The “spontaneous urban vegetation” covered by the book includes many plants that we would immediately recognize as ugly nonnatives and invasives. Del Tredici encourages us to broaden our minds when considering these familiar plants in urban and suburban settings because they are providing ecological benefits. In fact, these plants are thriving in an environment in which most of our native plants are no longer able to be successful. We have permanently altered the urban landscape and it is unrealistic to believe we can simply restore a native flora to an environment which is not the one in which it has evolved. The urban environment includes many areas with compacted and poor soils, full sun, drought conditions, and high salinity due to winter salt treatments on roadways. Plant species that we normally consider noxious and harmful, such as Ailanthus and Norway maple, can thrive in these areas. Del Tredici argues that we are better off with these exotics if the alternative is no plant at all.
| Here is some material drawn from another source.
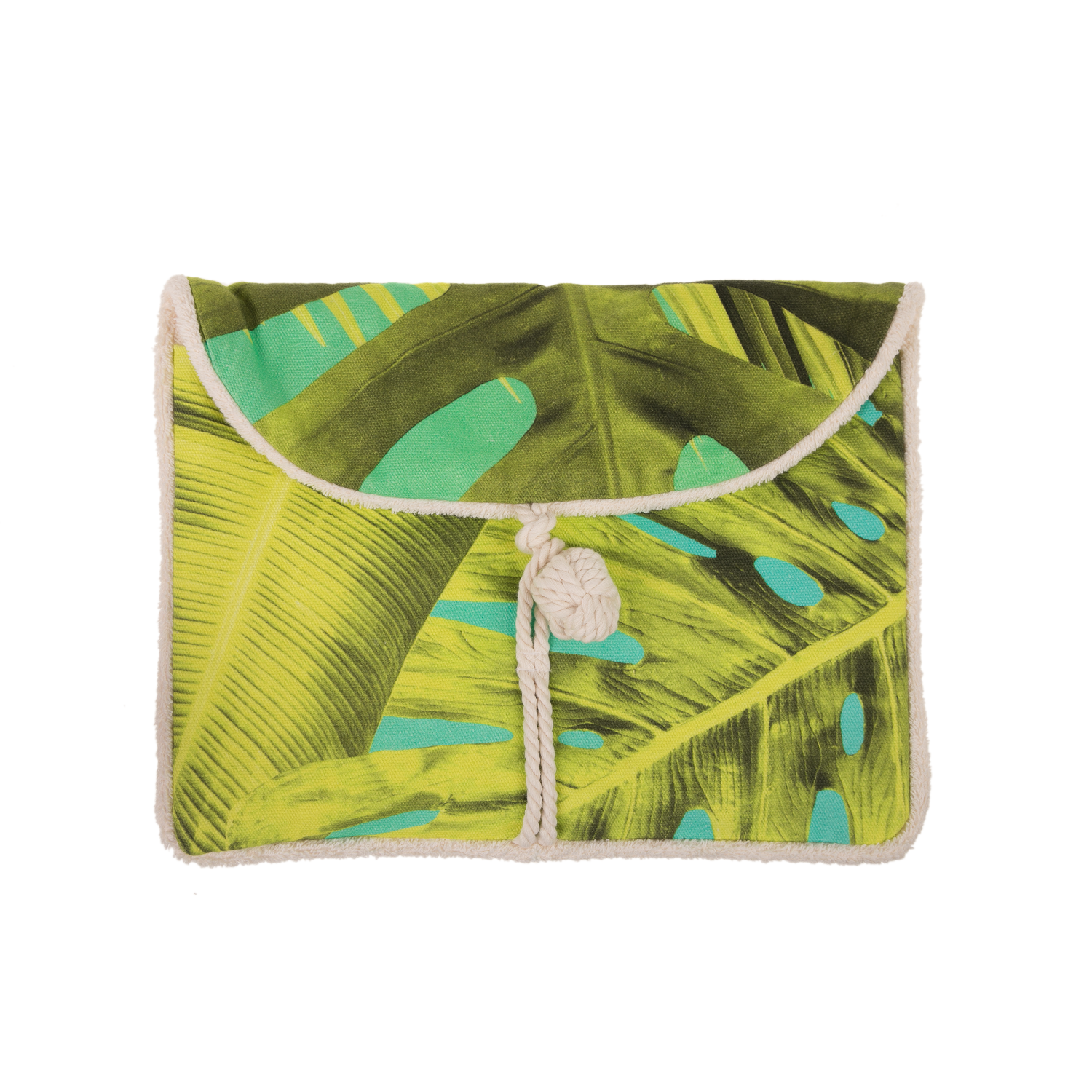 Γυναικεία/Αξεσουάρ/Τσάντες-Σακίδια/Νεσεσέρ SUN OF A BEACH - Γυναικείο τσαντάκι clutch SUN OF A BEACH Envelope Pouch πράσινο
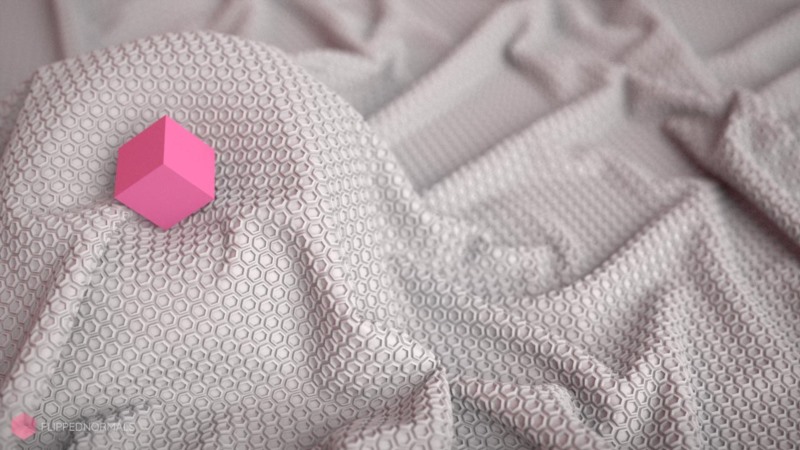 20种纺织面料贴图 Artstation - Flippednormals Fabric Textures package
The bulk of the book is a field guide that is organized by plant family. Each species is allotted two pages and there are many pictures. The intent is for you to browse through the book and spot the plant you want to identify by picture. There is an appendix describing the major characteristics of the most common families covered in the book to help narrow the search. There is an index but no identification key. A unique aspect of the book is that each species description includes a section on the ecological functions of the plant and on its cultural significance. The sections on cultural significance are very interesting and help explain why many of these plants were originally introduced.
I had more luck with plant identifications when I used this book in conjunction with Weeds of the Northeast by Richard Uva, et. al. That book includes some useful identification keys that make it easier to find plants without an exhaustive search of all the pictures in the text. The format of the species entries in both books is very similar but Del Tredici’s book is much more fun to browse as it has so many interesting tidbits in the sections on cultural significance.
Del Tredici encourages us to consider the benefits provided by the urban volunteers described in the book and not to simply dismiss them as useless and damaging. We often vilify these plants and see them as ruining the environment when, in reality, it is humans who have done so. As Del Tredici writes, “the plants described in this book are well adapted to the world we have created and, as such, are neither good nor bad – they are us.
Definitely getting this! I love the increased interest in urban ecosystems.